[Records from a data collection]
+ + + +

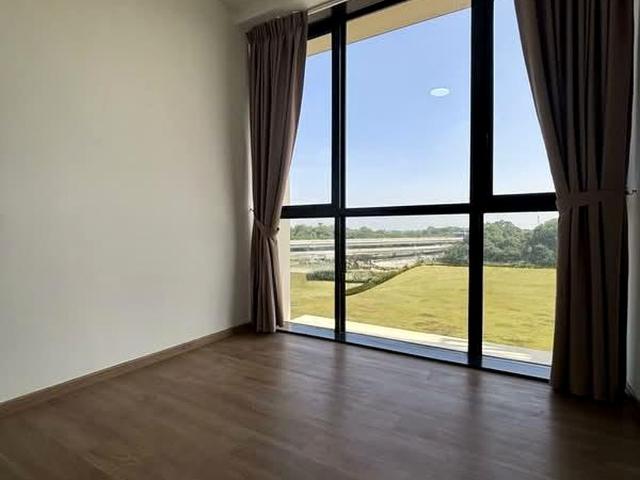 Condominium for rent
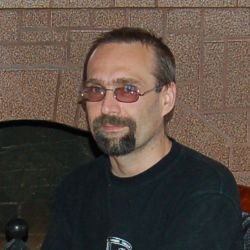 Вадим Лапин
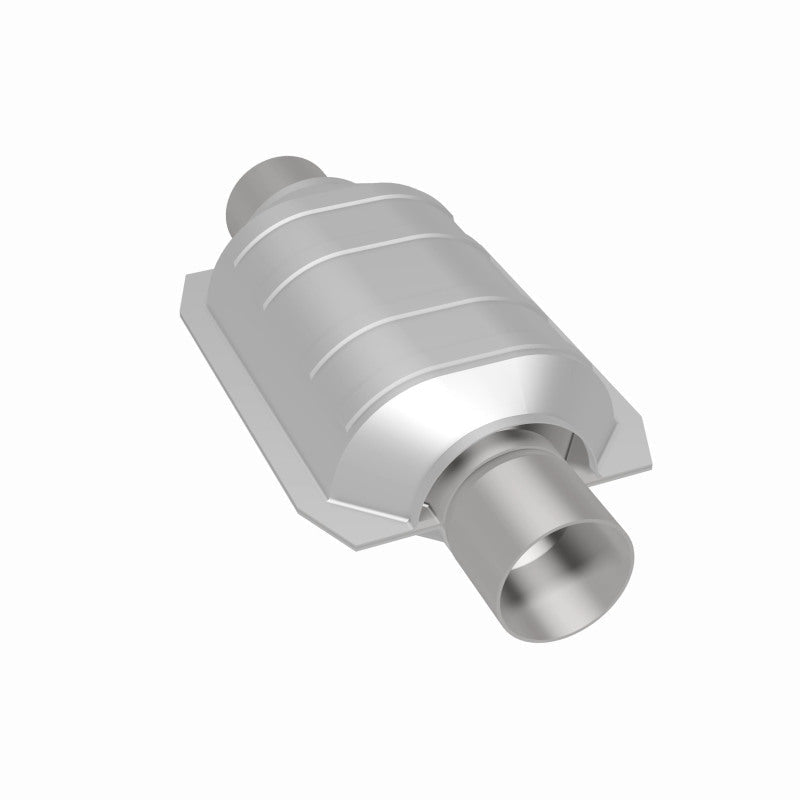 MagnaFlow Conv Univ 2.5-Catalytic Converter Universal-Magnaflow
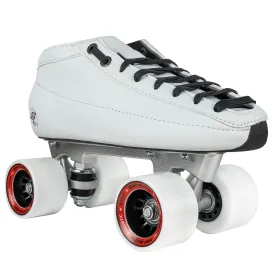 Bont Racer Tracer Ballistic Quad Speed Package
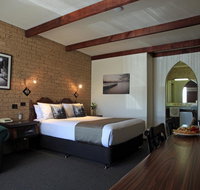Belltower Motor Inn - Foster Accommodation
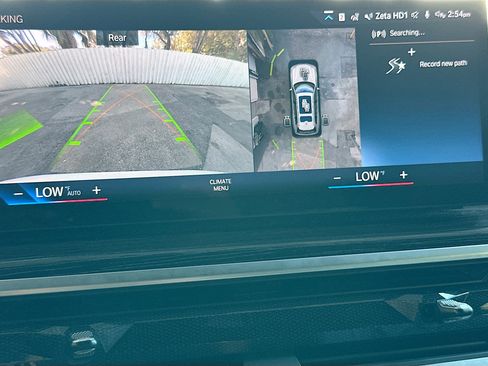 Certified 2023 BMW X7 xDrive40i w/ M Sport Package image 14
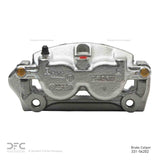 Dynamic Friction 1999-2004 Ford F-150 2WD Front Right Premium Caliper - Silver Zinc Coated by Dynamic Friction Company 331-54202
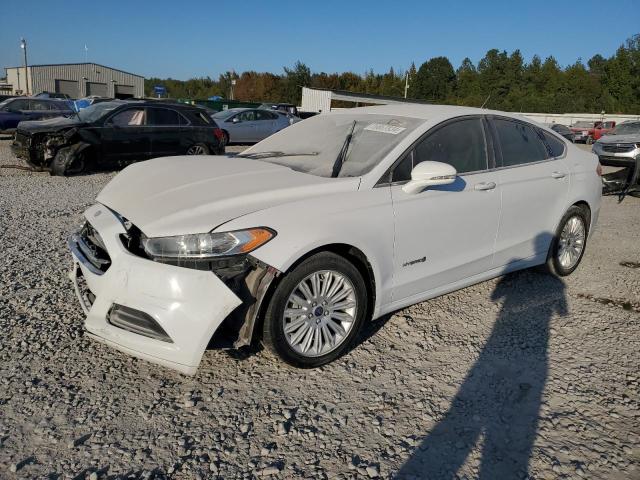 Photo 1 from auction – 2014 FORD FUSION SE with VIN 3FA6P0LU8ER221928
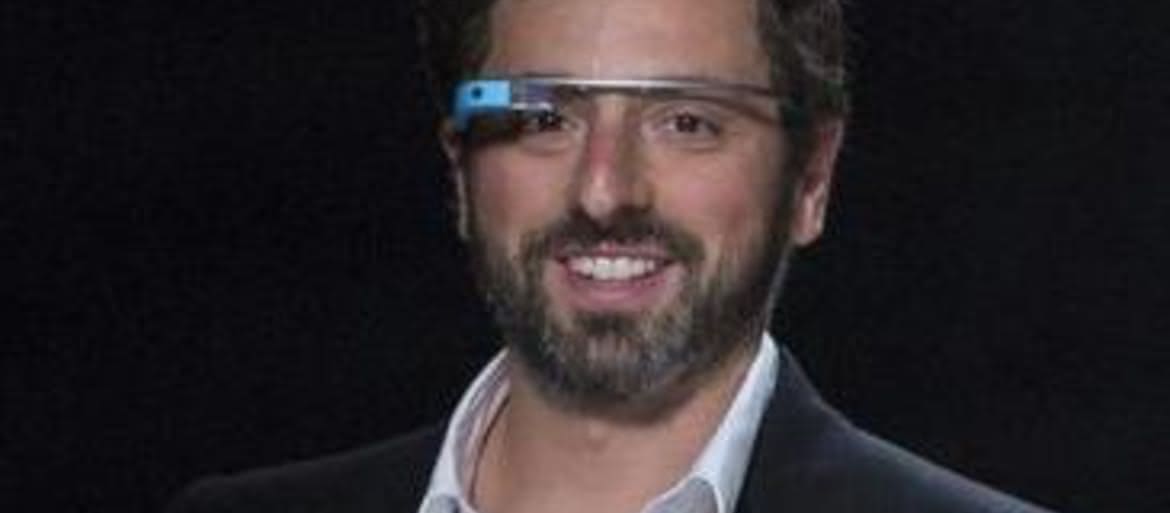 Google Glass w sprzedaży 15. kwietnia, ale…
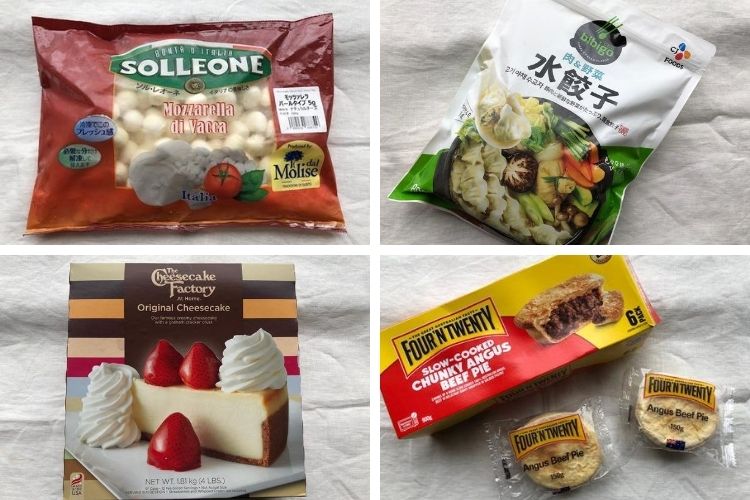 コストコの冷凍野菜コスパが高くて美味しい！便利な冷凍野菜の通販おすすめランキングベストオイシ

+ + + +

:: What is needed ::
Extract only the lines from the line containing "Dynamic Friction 1999-2004" through the final line of the records; keep both ends and drop every picture.

:: Final answer ::
 Dynamic Friction 1999-2004 Ford F-150 2WD Front Right Premium Caliper - Silver Zinc Coated by Dynamic Friction Company 331-54202
 Photo 1 from auction – 2014 FORD FUSION SE with VIN 3FA6P0LU8ER221928
 Google Glass w sprzedaży 15. kwietnia, ale…
 コストコの冷凍野菜コスパが高くて美味しい！便利な冷凍野菜の通販おすすめランキングベストオイシ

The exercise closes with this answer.